Description of Researched Seminar Paper
This paper will be directed to a particular forum (journal, conference,
etc.) and to a computers and composition or technology theory
audience (computers and composition instructors, rhetoric of technology
theorists, etc.). Based upon your own background, interest, and
experience, you should develop this paper as more than a classroom
exercise. In other words, your 10-20 page paper should be acceptable
for the forum and audience for which and whom you create it. Prior
to completing this project, which is due on November 18th, you
will submit a project proposal. This proposal should outline your
agenda for the project.
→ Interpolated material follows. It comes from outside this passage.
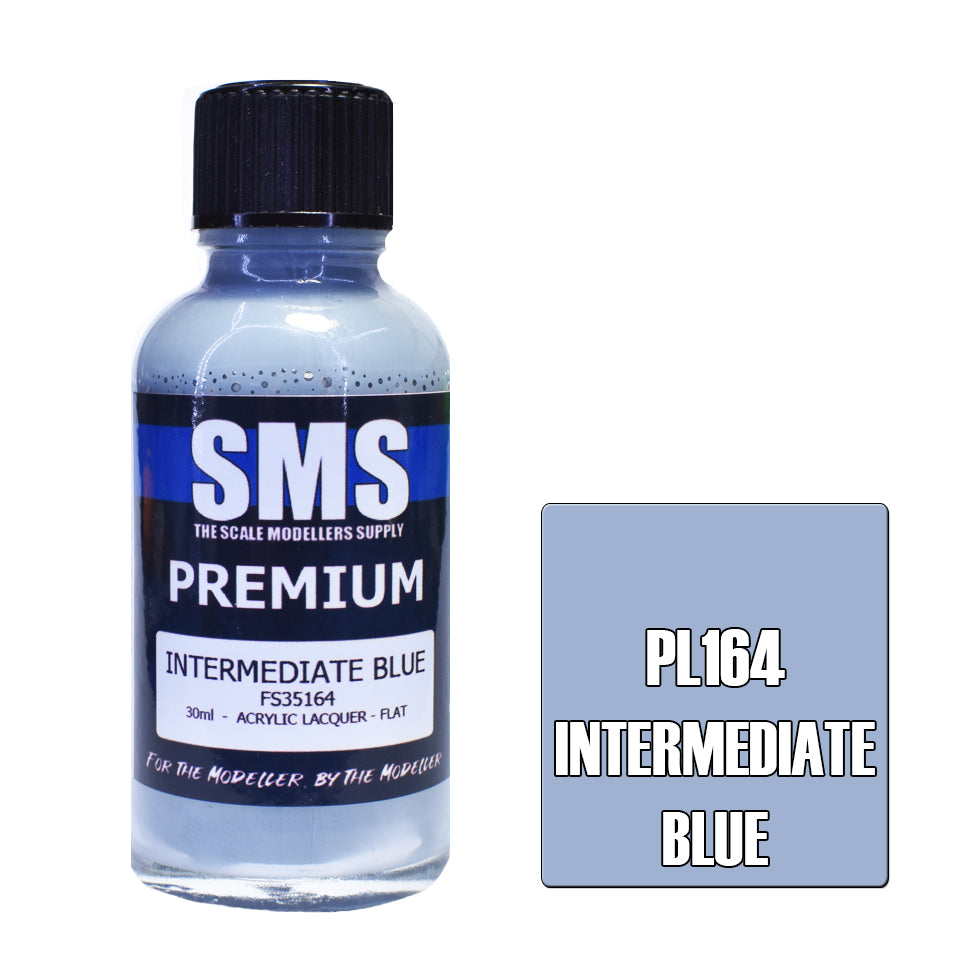 AIR BRUSH PAINT 30ML PREMIUM INTERMEDIATE BLUE ACRYLIC LACQUER SCALE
Additionally, you will be sharing a draft
of your paper with a peer in the class.
Guidelines for creation of your one-two page researched seminar
proposal:
- Define the audience(s) for your paper (Consider who would
be most interested in your paper: attendees at the Computers
and Writing, Conference on College Composition and Communication,
or Rhetoric Society of America conference or readers of
ACE, Computers and Composition, Kairos, Written
Communication, The Writing Instructor, etc.).
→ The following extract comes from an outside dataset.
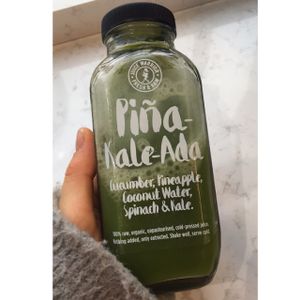Green cold - pressed juice at Juice Warrior in Edinburgh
- Describe the purpose(s) of your project (Consider what you
are trying to achieve in your project: to create a pedagogical
article, to develop a particular argument, to point out a potential
area of computers anc composition investigation, to offer strategies
or approaches to a particular computers and composition problematic,
etc.).
- Identify your rationale(s) for this project (Think about why
this project is useful for you and your professional development:
offers you a way of highlighting your research? gives you a
chance to present ideas and receive feedback from colleagues?
etc.).
- Prepare a working bibliography.
This proposal is due on Monday,
November 18th. Please email me a Word file attachment
and bring a hard copy to class.
Guidelines for creation of your researched seminar paper:
- Provide a one-page overview of the audience(s), rationale(s),
and purpose(s) of your researched paper. This information can
be taken directly from your plan for your seminar paper.
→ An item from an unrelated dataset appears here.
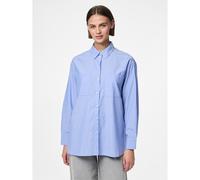 PIECES Camisa amplia de rayas finas. Color Azul Claro A Rayas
- Include polished draft of the 10-20 page researched seminar
paper including an APA bibliography of your references (You
can use MLA or other citation format only if the journal or
conference requests that format).
A first completed draft of your researched seminar paper is due
for peer review on Monday, December
2nd. Your final draft is due as an email attached
Word file on Friday, December 13th
by 2 pm.
Evaluation
of Researched Seminar Paper
Your seminar paper will be evaluated based upon its contribution
to the the field of computers and composition, its attention to
issues and trends in computers and composition, its assessment
of audience(s), purpose(s), and rationale(s) as you have constructed
them, and its thoroughness, complexity, and perceptiveness. Of
course, the quality of your writing and your use of sound document
design principles will be other factors in the assessment of your
paper. Note: Your grade on
the paper will be significantly lowered if the quality of your
plan, first draft, or comments to your peer are below average.